AUSTIN, Texas, Feb. 7, 2017 /PRNewswire/ — Parsley Energy, LLC (“Parsley”), a subsidiary of Parsley Energy, Inc. (NYSE: PE) (“Parsley Inc.”), and Parsley’s wholly owned subsidiary, Parsley Finance Corp., announced today that they have commenced, subject to market conditions and other factors, a private placement of $350.0 million in aggregate principal amount of senior unsecured notes due 2025 to eligible purchasers (the “Notes Offering”).
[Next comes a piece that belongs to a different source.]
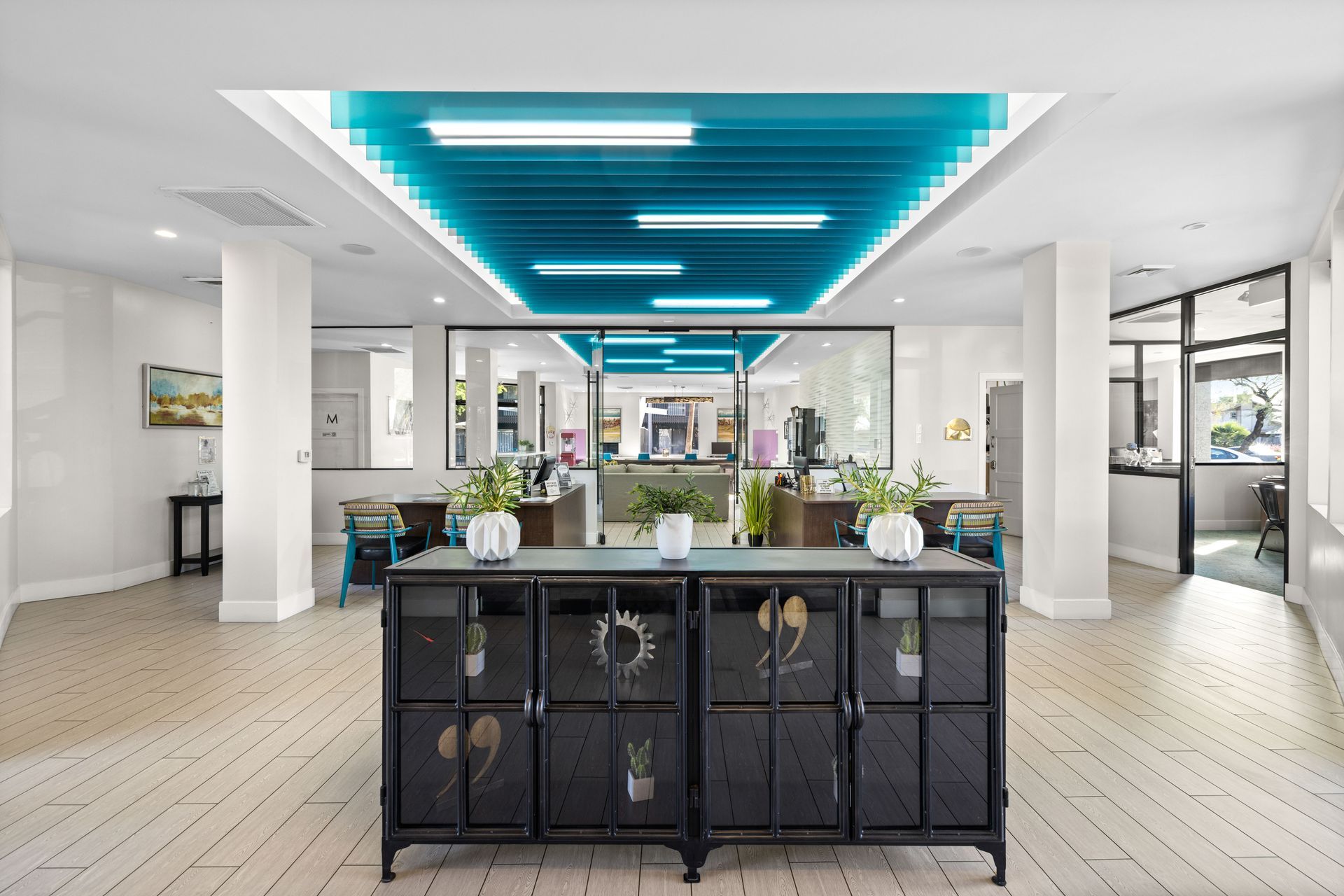 Reception area with black cabinet, turquoise ceiling lights, and open views to workspace.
Concurrently with the Notes Offering, Parsley Inc. is offering 36,000,000 shares of its Class A common stock (or 41,400,000 shares if the option to purchase additional shares is exercised in full) in an underwritten public offering (the “Concurrent Equity Offering”). The shares of Class A common stock are being offered in the Concurrent Equity Offering by means of a separate prospectus supplement. The Notes Offering is not conditioned on the consummation of the Concurrent Equity Offering, and the Concurrent Equity Offering is not conditioned on the consummation of the Notes Offering.
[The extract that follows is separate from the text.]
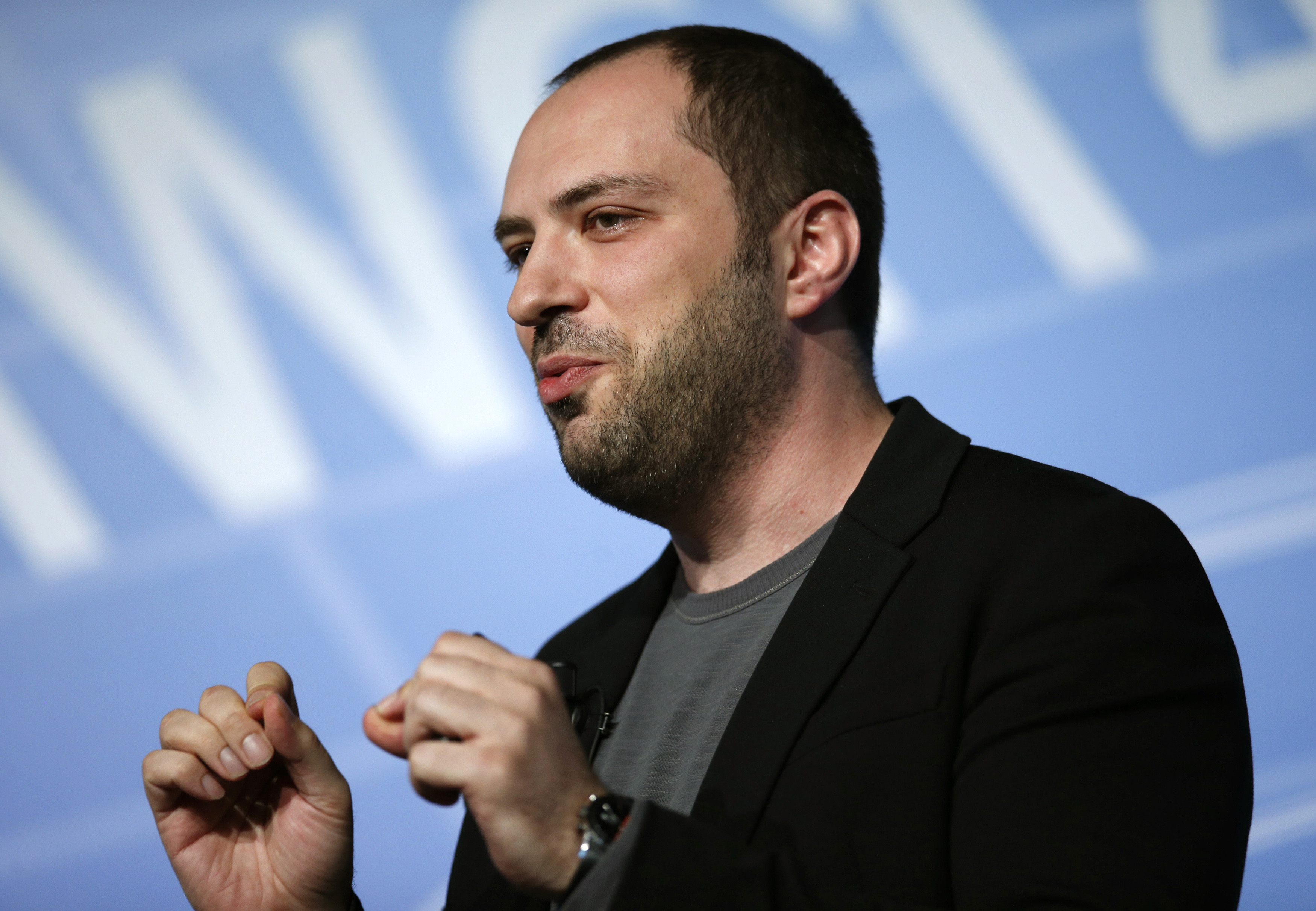 WhatsApp CEO and co-founder Jan Koum delivers a speech at the Mobile World Congress in Barcelona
Together with a portion of the net proceeds from the Concurrent Equity Offering, Parsley intends to use the net proceeds of the Notes Offering to fund the cash portion of the purchase price for the acquisition of certain undeveloped acreage and producing oil and gas properties in the Midland Basin from Double Eagle Energy Permian LLC (the “Double Eagle Acquisition”). The Notes Offering is not conditioned on the consummation of the Double Eagle Acquisition. If the Double Eagle Acquisition is not consummated, or if there are any remaining net proceeds from the Notes Offering following its consummation, Parsley intends to use such net proceeds to fund a portion of its capital program and for general corporate purposes, including potential future acquisitions.
The securities to be offered in the Notes Offering have not been registered under the Securities Act of 1933, as amended (the “Securities Act”), or any state securities laws and, unless so registered, may not be offered or sold in the United States except pursuant to an exemption from, or in a transaction not subject to, the registration requirements of the Securities Act and applicable state securities laws. Parsley plans to offer and sell the securities only to qualified institutional buyers pursuant to Rule 144A under the Securities Act and to non-U.S. persons in transactions outside the United States pursuant to Regulation S under the Securities Act.
This news release does not constitute an offer to sell or the solicitation of an offer to buy the securities described herein, nor shall there be any sale of these securities in any jurisdiction in which such an offer, solicitation or sale would be unlawful prior to registration or qualification under the securities laws of any such jurisdiction.